> [Records provided]
____________

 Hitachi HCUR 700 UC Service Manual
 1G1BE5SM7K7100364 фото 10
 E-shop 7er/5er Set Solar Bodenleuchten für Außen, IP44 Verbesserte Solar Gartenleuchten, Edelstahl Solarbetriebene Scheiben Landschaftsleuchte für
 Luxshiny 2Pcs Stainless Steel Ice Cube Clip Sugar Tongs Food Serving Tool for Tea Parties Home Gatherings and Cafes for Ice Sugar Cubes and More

____________

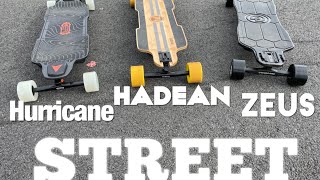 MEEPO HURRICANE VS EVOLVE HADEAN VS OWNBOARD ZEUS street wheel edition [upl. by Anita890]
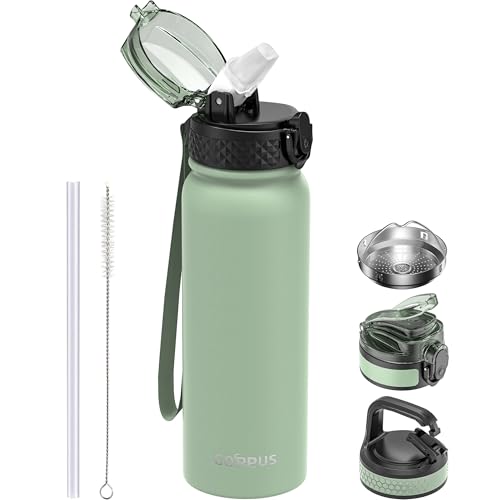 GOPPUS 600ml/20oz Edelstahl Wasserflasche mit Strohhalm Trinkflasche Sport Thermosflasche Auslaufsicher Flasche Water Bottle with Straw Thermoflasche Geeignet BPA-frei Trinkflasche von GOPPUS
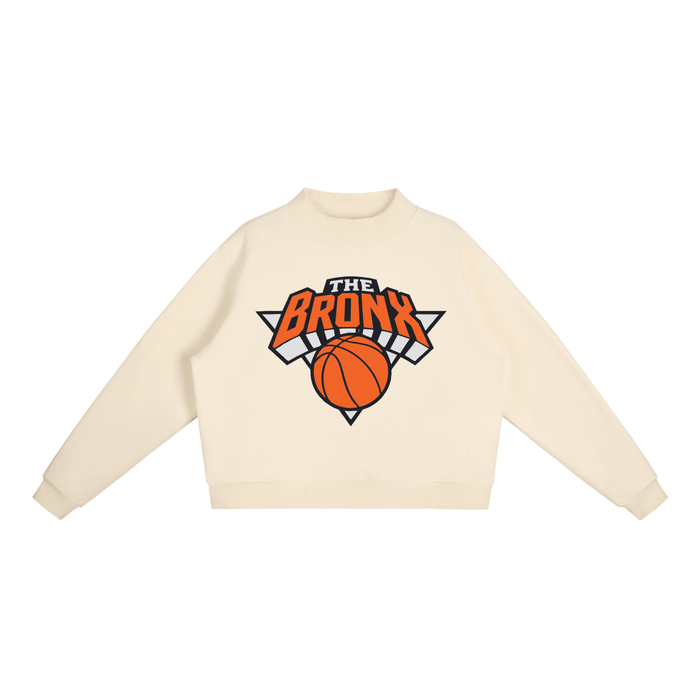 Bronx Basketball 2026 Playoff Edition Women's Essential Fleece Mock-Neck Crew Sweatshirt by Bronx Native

____________

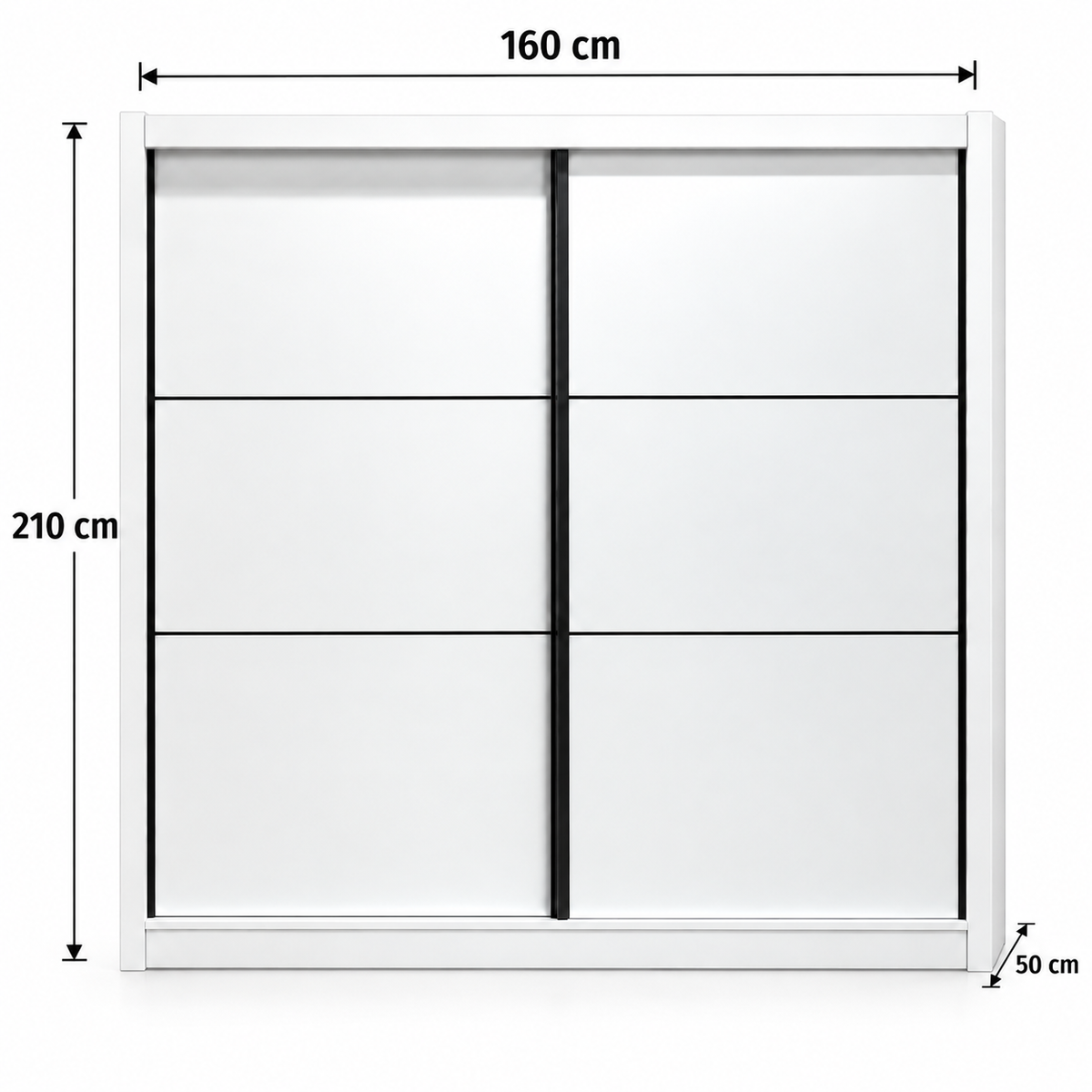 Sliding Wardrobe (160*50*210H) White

____________

> [Assigned task] From the entries above, write out only the lines starting at the line that holds "Hitachi HCUR 700 UC Service Manual" and ending at the line that holds "Luxshiny 2Pcs Stainless", keeping both and matching them exactly.

> [Written response]
 Hitachi HCUR 700 UC Service Manual
 1G1BE5SM7K7100364 фото 10
 E-shop 7er/5er Set Solar Bodenleuchten für Außen, IP44 Verbesserte Solar Gartenleuchten, Edelstahl Solarbetriebene Scheiben Landschaftsleuchte für
 Luxshiny 2Pcs Stainless Steel Ice Cube Clip Sugar Tongs Food Serving Tool for Tea Parties Home Gatherings and Cafes for Ice Sugar Cubes and More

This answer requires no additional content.